Hi Friends, I have read so many post, where DILs are suffering because of husband or inlaws. Every girl has some issues, some has minor and some has big. Somewhere in our hearts we feel that this marriage was a wrong decision. As per as my thinking, I have took wrong decision. I should think from every perspective for the alliance. At that time I was not aware of these type of issues. But now I have seen the real life of a DIL/wife. On the other hand, my friend is on cloud-nine. Her inlaws are so caring and loving. She says that she took best decision of marriage in her life. I am very happy for her. I know everybody has some feeling like this. So answer the following Question in yes or no- Was your decision of marriage with your DH right? My answer is - No
It was the best decision of my life, since it was me who had to take the final decision.. I wont deny that during the initial phase I was a bit frustrated and thought it to be a wrong decision.Mostly because of the circumstances in which I was married. But now I feel that he is perfect for me In laws issues will always be there, some major and some minor...As long as DH is on your side..things are cool
i was always independent and my parents always gave me choice to decide could be education or anything else but my dad was againts my marriage decision as my in laws are not well off and my dh does not look like a fair charming man like my dad wanted but i was able to convice him and go ahead even now i feel mine is a right choice ..money comes and goes but having spouse who undertsands you is best thing that can happen parents..siblings,...relatives ..children and all are not our choice god decides and we have to accept spouse is only decision you can make in whole life time..best choice yeilds happy life and bad decision can screw up life its all fate
A decision is right or wrong when you make it & my decision was best in what was available to me at that point of time. Down the lane of marriage a lot dynamics change & a lot of realities come up. Now I need to ask myself that living further in this marriage is right or wrong at this point of time then I have 2 answers: 1) Yes - then ur making a new decision of continuing this marriage. 2) No - then u have to file for separation. Yes a lot of ppl are lucky enuff to get the best set of ILs and DH but then their successful life is not a criteria for success or failure of my life... I have my own achievements, looks, background, destiny, nature etc etc which will result into a different outcome. I have seen ppl who keep analysing for the best mate and easily cross 40 waiting for just the right MAN & family.

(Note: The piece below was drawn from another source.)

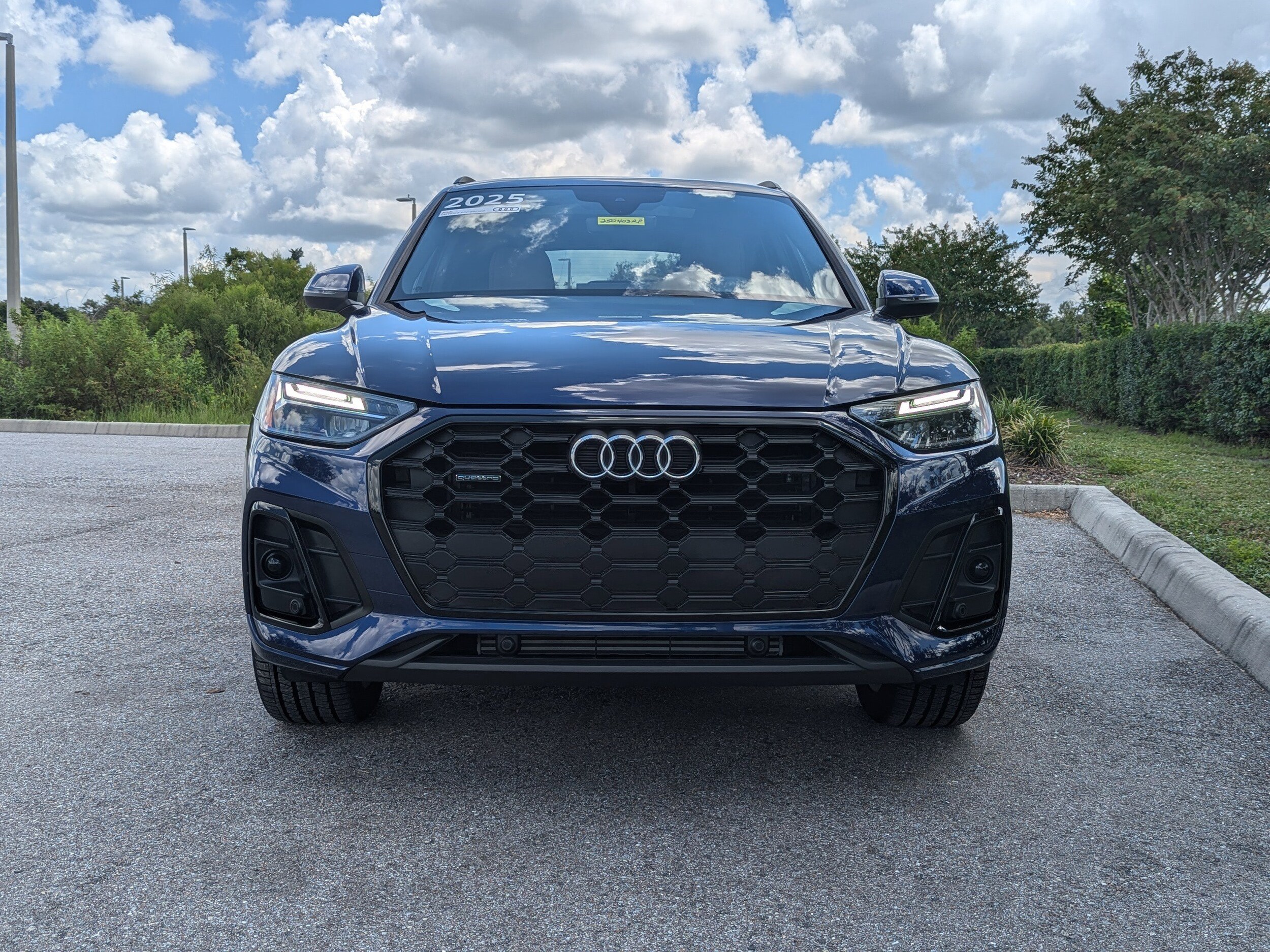 2025 Audi Q5 S line Premium photo 2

The only correct decision I made in my life is marrying my DH. I never regret for this. after having such a understanding person I just ignore all my MIL's actions(ofcourse not sooo bad) and take for granted.I had an excellent FIL who cares me as his own daughter. I think our thought of regretting DH depends on our actions also.both are responsible for the relationship. I wish you all the best for good relationship sheenu:thumbsup
I think the only Good decision I have (ever!!) made in my Life, is to Love my best-friend. However, with the recent let-downs and disappointments in the marriage, maybe it wasnt my best decision to have asked her marry me.
My answer is NO We both are totally different, no similar thoughts in anything, diagonally opposite personalities. I really wish I had waited for the special someone and had a love marriage, instead of marrying the person my parents fixed to please them.

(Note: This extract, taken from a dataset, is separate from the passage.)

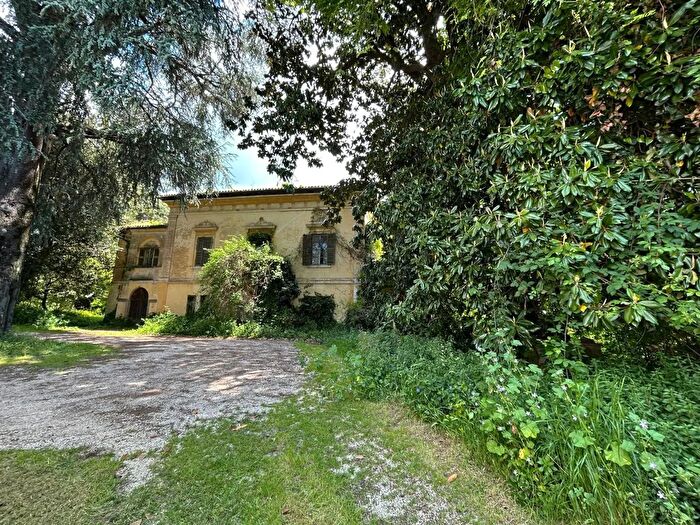 Casa con 10 locali in vendita in Via dei Laghi, Velletri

does it really matter? What matter's is how u keep accept and work on cherishing the decision u made! cheers mum of tani
Most of the time we necessarily don't make the right decision whether its choosing a dress ,career and may be even marriage .All of us ,at some point in our life think I wish I chose the other one .According to me after I make /made a decision there is no looking back .whether a good choice or bad choice I made it so I have to deal with .
I would say mine is correct decision without any doubt/thinking. Though I have problems here and there(MIL).....my DH is the perfect match for me. I am not regretting nor repending. And Its we who decided to marry each other.